Edit

Share via


Document analysis: Markdown representation

Azure Content Understanding in Foundry Tools converts unstructured documents into GitHub Flavored Markdown, while maintaining content and layout for accurate downstream use. This article describes how each content and layout element is represented in Markdown.

Words and selection marks

Recognized words and detected selection marks are represented in Markdown as plain text. Selection marks are encoded by using the Unicode characters (selected) and (cleared). Content might be escaped to avoid ambiguity with Markdown formatting syntax.

Barcodes

Barcodes are represented as Markdown images with alt text and title: ![alt text](url "title").

Content type Markdown pattern Example
Barcode ![{barcode.kind}]({barcode.path} "{barcode.value}") ![QRCode](barcodes/1.2 "https://www.microsoft.com")

Formulas

Mathematical formulas are encoded by using LaTeX in Markdown:

  • Inline formulas are enclosed in single dollar signs ($...$) to maintain text flow.
  • Display formulas use double dollar signs ($$...$$) for standalone display.
  • Multiline formulas are represented as consecutive display formulas without intervening empty lines.
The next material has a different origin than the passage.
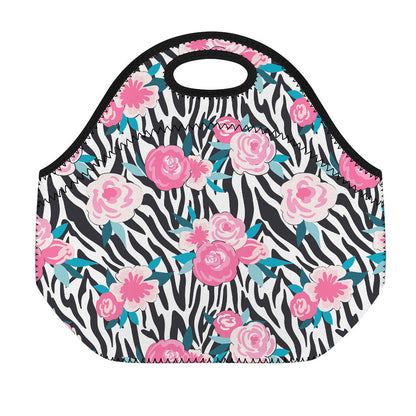 Black White Zebra Floral Pattern Print Neoprene Lunch Bag
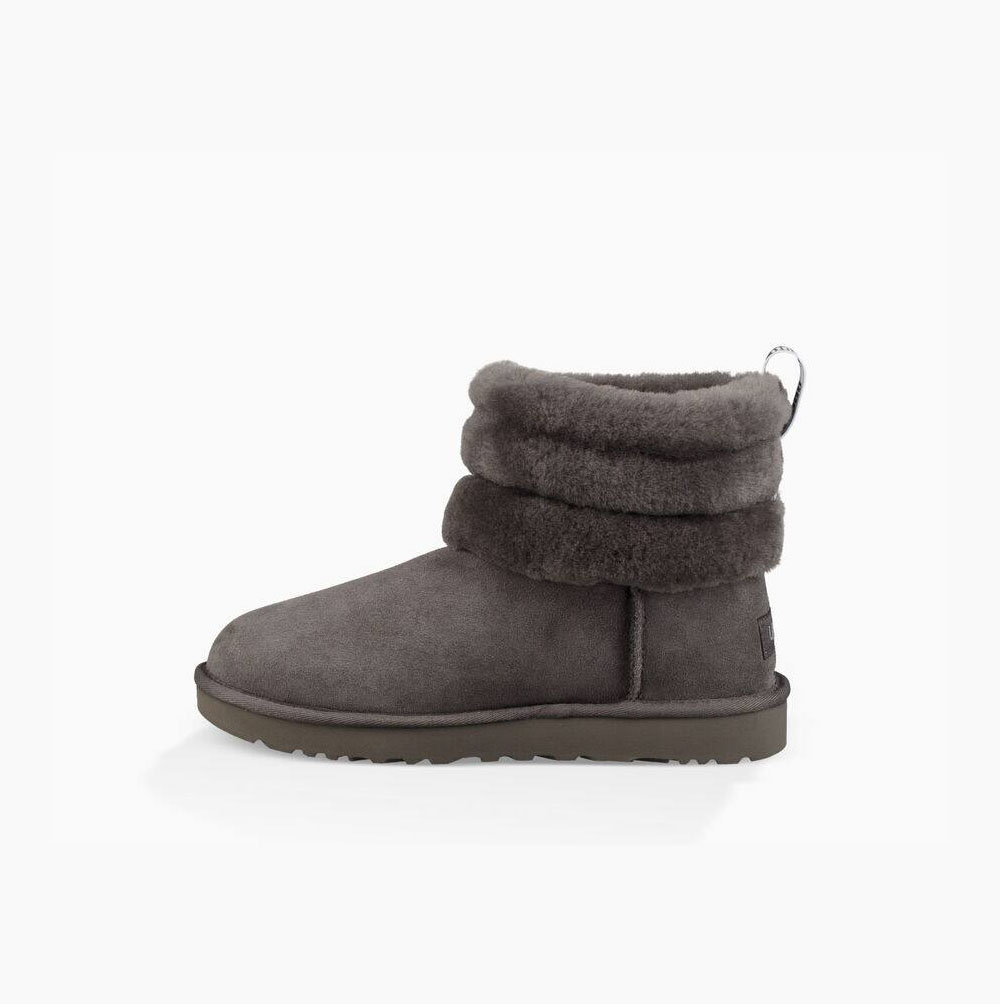 UGG Klassische Mini Fluff Gesteppte Stiefel Damen Tiefesgrau Schweiz | 3HEDGIWO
This structure preserves mathematical relationships.
Formula kind Markdown Visualization
Inline $\sqrt { -1 } $ is $i$ $\sqrt { -1 } $ is $i$
Display $$a^2 + b^2 = c^2$$ $a^2 + b^2 = c^2$
Multiline $$( x + 2 ) ^ 2 = x ^ 2 + 4 x + 4$$
$$= x ( x + 4 ) + 4$$
$$( x + 2 ) ^ 2 = x ^ 2 + 4 x + 4$$ $$= x ( x + 4 ) + 4$$

Images

Detected images, including figures and charts, are represented using standard Markdown image syntax. The alt text contains the detected text inside the figure, and the syntax varies based on configuration options.
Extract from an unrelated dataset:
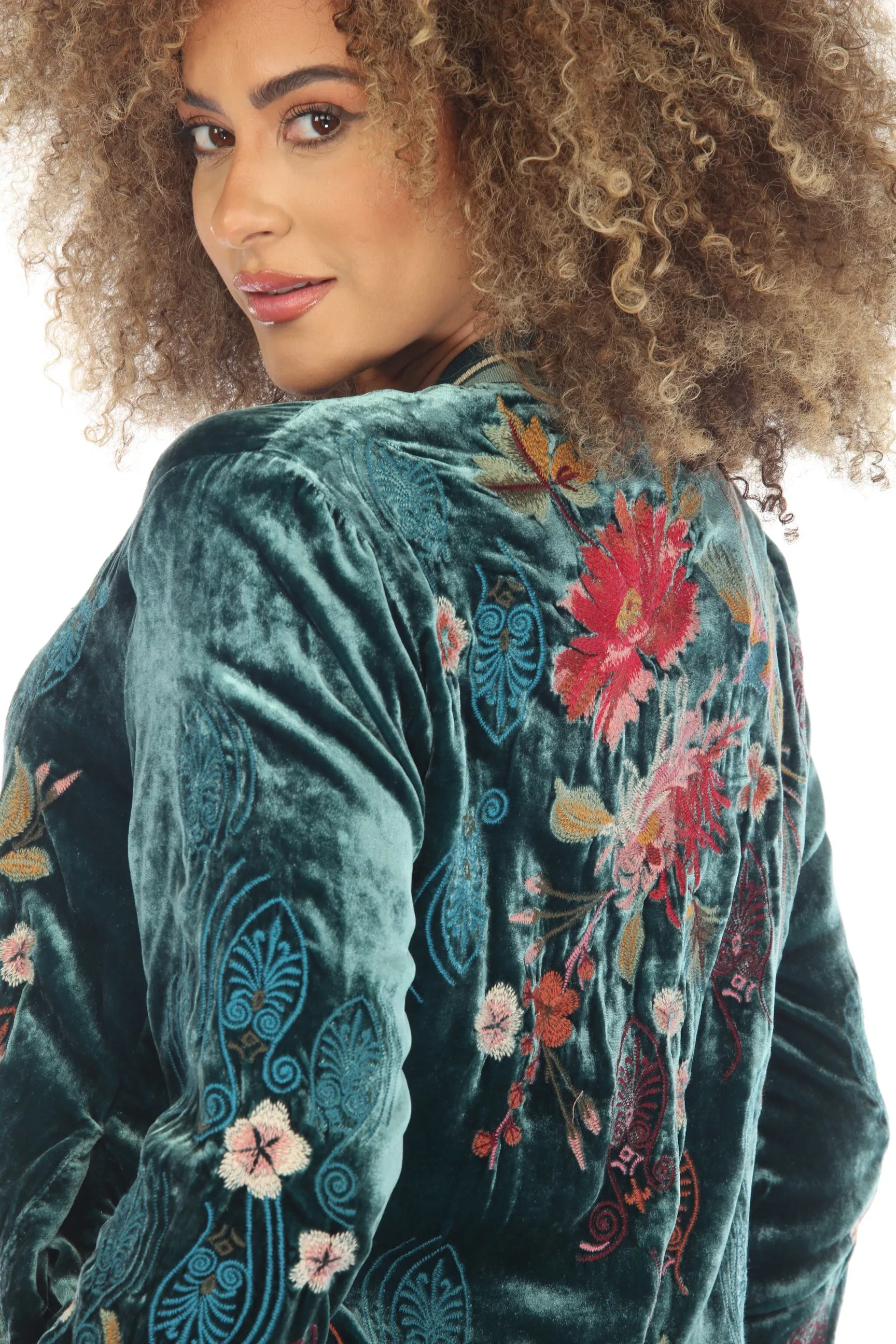 Johnny Was JWLA Ashira Velvet Embroidered Snap Front Bomber Jacket Boho Chic J48623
Image representation patterns

Configuration Markdown pattern Description
Basic ![detected text](figures/path) Standard image without description
enableFigureDescription ![detected text](figures/path "description") Includes generated image description
enableFigureDescription + enableFigureAnalysis ![detected text](figures/path "description") followed by a chart, markdown table, or mermaid diagram Image with description and appended figure analysis (chart, table, or diagram)
enableFigureAnalysis only ![detected text](figures/path) followed by a chart, markdown table, or mermaid diagram Image without description and appended figure analysis (chart, table, or diagram)

Examples

Image without enableFigureDescription

![Line1 Line2](figures/1.1)

Image with enableFigureDescription

![Line1 Line2](figures/1.1 "This is a generated image description.")
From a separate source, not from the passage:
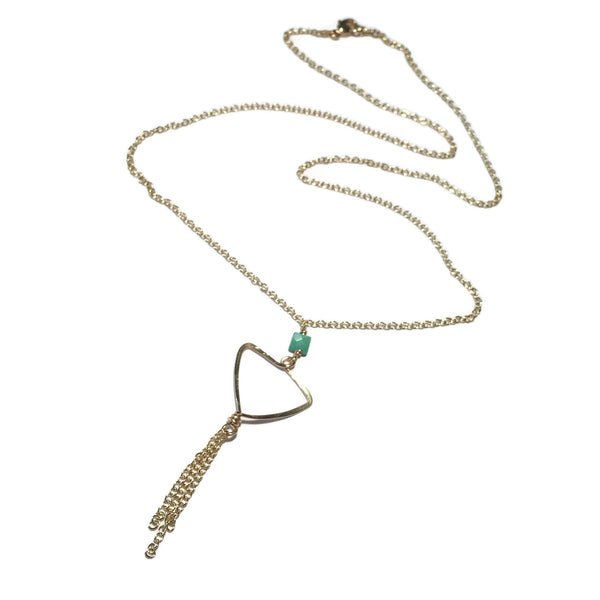 Beth Jewelry, handmade turquoise triangle chain necklace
Image with enableFigureDescription and enableFigureAnalysis

![Line1 Line2](figures/1.1 "This is a generated image description.")
Option 1: Chart figure analysis
{ ...chart config... }
Option 2: Markdown table figure analysis
| Month | Value |
|-------|-------|
| Jan   | 100   |
| Feb   | 150   |
| Mar   | 200   |
| Apr   | 250   |
| May   | 300   |
| Jun   | 275   |

Image without enableFigureDescription and enableFigureAnalysis

![Line1 Line2](figures/1.1)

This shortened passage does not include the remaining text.